» **Exercise prompt**
Return the records below in full. Keep every word exact and skip the images.

» **Data**

——————————

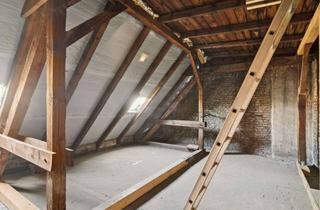 Wohnung kaufen in 13357 Wedding, Dachgeschossrohling - Ausblick über die "Uferhallen" - beste Lage!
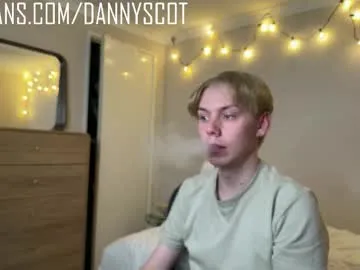 Rico-pin – webcam model profile photo Image 4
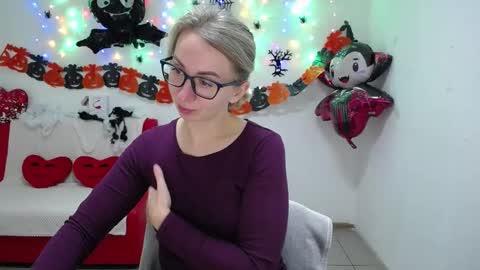 Snapshot of vasilisasii chatting on 22, 10, 2025 Vasilisa online show from 22, 10, 2025
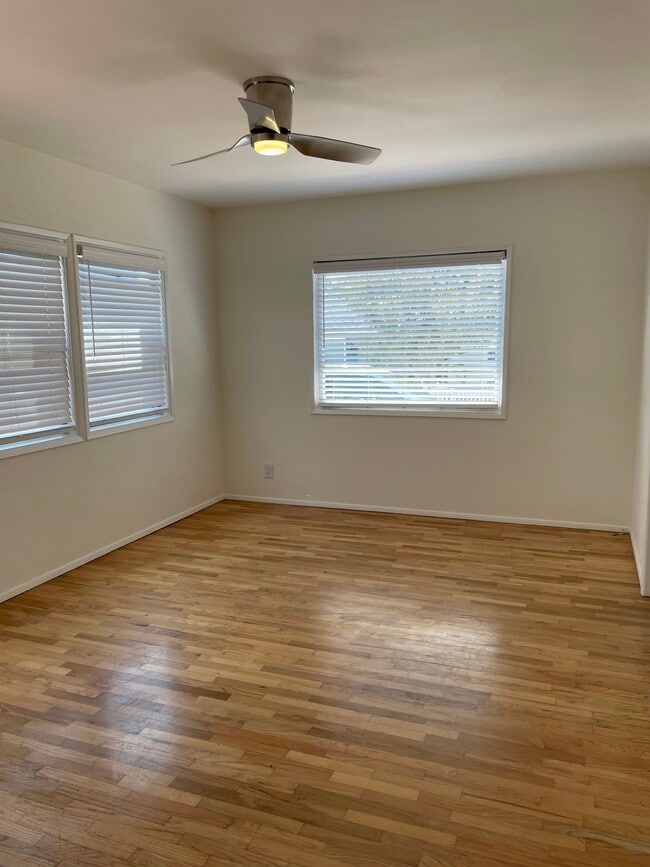 453 30th St unit Lower, Hermosa Beach, CA 90254 - photo 4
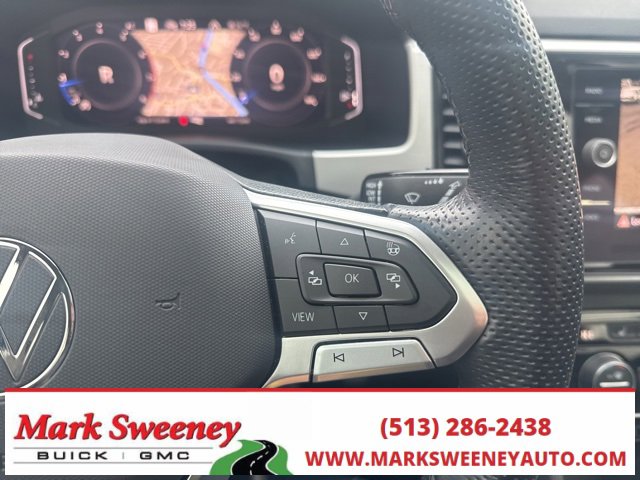 Used 2023 Volkswagen Atlas SEL R-Line image 32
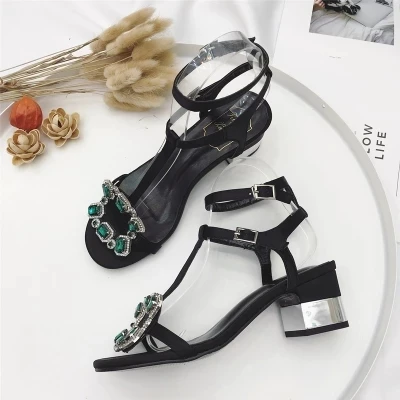 

2019 new female middle with open toe rhinestone square buckle strap with a buckle with sandals.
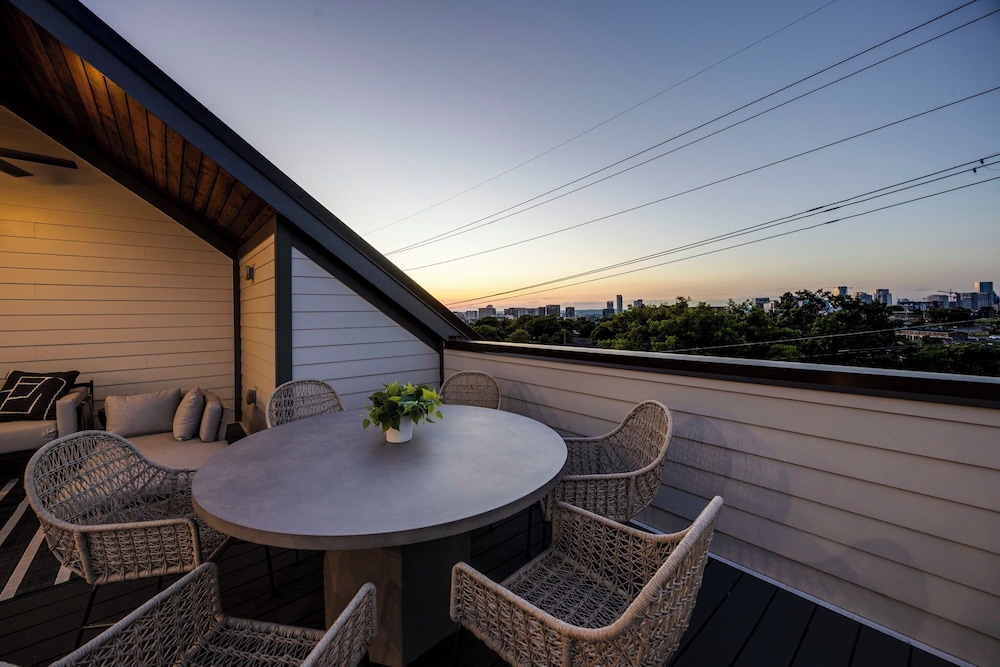 Elevate - Modern Luxury - Stunning City Views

——————————

» **Answer box**
 Wohnung kaufen in 13357 Wedding, Dachgeschossrohling - Ausblick über die "Uferhallen" - beste Lage!
 Rico-pin – webcam model profile photo Image 4
 Snapshot of vasilisasii chatting on 22, 10, 2025 Vasilisa online show from 22, 10, 2025
 453 30th St unit Lower, Hermosa Beach, CA 90254 - photo 4
 Used 2023 Volkswagen Atlas SEL R-Line image 32

2019 new female middle with open toe rhinestone square buckle strap with a buckle with sandals.
 Elevate - Modern Luxury - Stunning City Views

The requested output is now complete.